== Segment start ==

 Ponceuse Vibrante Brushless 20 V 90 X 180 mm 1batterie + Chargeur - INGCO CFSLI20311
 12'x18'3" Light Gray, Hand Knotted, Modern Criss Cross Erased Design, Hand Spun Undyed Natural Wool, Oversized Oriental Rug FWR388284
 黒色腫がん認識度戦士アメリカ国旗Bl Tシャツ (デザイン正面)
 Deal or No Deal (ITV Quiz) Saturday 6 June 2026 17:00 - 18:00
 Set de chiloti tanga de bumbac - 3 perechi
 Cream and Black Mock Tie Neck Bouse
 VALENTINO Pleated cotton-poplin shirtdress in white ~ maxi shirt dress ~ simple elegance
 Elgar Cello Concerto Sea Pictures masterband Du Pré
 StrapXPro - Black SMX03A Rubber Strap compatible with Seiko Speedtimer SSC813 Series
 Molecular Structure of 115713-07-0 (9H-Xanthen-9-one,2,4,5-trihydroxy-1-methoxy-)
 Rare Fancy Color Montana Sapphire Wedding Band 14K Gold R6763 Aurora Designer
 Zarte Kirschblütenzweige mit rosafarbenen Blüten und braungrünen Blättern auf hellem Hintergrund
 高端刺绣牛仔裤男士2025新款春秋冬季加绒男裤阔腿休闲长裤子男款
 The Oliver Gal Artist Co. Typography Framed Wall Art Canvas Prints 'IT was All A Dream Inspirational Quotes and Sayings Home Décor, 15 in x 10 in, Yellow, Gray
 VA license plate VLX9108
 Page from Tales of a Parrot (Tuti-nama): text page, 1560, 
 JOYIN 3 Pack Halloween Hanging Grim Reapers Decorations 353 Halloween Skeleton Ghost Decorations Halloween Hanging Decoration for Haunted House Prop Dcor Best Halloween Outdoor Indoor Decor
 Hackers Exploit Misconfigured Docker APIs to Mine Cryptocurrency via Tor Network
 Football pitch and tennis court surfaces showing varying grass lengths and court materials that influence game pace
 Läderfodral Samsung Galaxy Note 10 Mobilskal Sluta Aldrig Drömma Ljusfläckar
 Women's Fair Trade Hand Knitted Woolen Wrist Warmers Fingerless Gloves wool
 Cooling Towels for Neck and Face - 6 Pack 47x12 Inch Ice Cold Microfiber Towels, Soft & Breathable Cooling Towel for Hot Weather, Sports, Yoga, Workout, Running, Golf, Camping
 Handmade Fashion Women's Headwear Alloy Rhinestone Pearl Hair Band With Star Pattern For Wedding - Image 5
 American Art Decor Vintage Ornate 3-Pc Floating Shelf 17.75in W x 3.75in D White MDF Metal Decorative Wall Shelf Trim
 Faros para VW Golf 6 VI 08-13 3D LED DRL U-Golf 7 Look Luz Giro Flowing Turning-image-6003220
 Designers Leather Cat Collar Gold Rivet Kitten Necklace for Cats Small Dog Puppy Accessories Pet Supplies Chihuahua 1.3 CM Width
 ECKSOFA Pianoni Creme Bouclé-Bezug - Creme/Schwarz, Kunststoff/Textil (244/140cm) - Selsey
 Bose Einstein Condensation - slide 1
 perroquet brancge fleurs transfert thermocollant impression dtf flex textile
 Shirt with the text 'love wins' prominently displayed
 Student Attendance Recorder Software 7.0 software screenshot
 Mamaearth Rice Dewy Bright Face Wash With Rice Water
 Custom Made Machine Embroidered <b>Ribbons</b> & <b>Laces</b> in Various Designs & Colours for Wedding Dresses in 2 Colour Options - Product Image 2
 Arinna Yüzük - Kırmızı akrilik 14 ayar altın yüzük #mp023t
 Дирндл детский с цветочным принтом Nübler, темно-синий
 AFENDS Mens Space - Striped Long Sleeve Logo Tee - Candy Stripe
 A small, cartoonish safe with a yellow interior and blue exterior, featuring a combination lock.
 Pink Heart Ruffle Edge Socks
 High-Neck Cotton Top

== Segment end ==

→ **TRY IT**
Lines holding "Wedding": copy each one from the records above.

→ **YOUR SOLUTION**
 Rare Fancy Color Montana Sapphire Wedding Band 14K Gold R6763 Aurora Designer
 Handmade Fashion Women's Headwear Alloy Rhinestone Pearl Hair Band With Star Pattern For Wedding - Image 5
 Custom Made Machine Embroidered <b>Ribbons</b> & <b>Laces</b> in Various Designs & Colours for Wedding Dresses in 2 Colour Options - Product Image 2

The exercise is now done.